- Conference: Pacific-10 Conference
- Record: 5–6 (3–5 Pac-10)
- Head coach: Dick Tomey (10th season);
- Offensive coordinator: Homer Smith (1st season)
- Defensive coordinator: Larry Mac Duff (10th season)
- Home stadium: Arizona Stadium

= 1996 Arizona Wildcats football team =

American college football season

The 1996 Arizona Wildcats football team represented the University of Arizona in the Pacific-10 Conference (Pac-10) during the 1996 NCAA Division I-A football season. In their tenth season under head coach Dick Tomey, the Wildcats compiled a 5–6 record (3–5 against Pac-10 opponents), finished in a tie for fifth place in the Pac-10, and outscored their opponents, 310 to 280.

The team played its home games in Arizona Stadium in Tucson, Arizona. On November 23, 1996, the team drew a record crowd of 59,920 to Arizona Stadium to watch a 56–14 loss to Arizona State. As of today, this remains the Arizona Stadium attendance record.

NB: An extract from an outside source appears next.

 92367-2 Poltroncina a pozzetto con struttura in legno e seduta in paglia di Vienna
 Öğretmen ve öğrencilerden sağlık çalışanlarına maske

The Wildcats allowed 450 rushing yards in the loss to the Sun Devils. The highlight of the Arizona State game for the Wildcats was a 98-yard interception return, the second longest in program history, by Mikal Smith.

Team records set during the 1996 season included: three interception returns for touchdown in a game (vs. Illinois); eight touchdowns allowed in a game (vs. California); 16 touchdowns scored in a Pac-10 game (vs. UCLA); 659 yards of total offense allowed in a Pac-10 game (vs. California); and 450 rushing yards allowed in a Pac-10 game (vs. Arizona State).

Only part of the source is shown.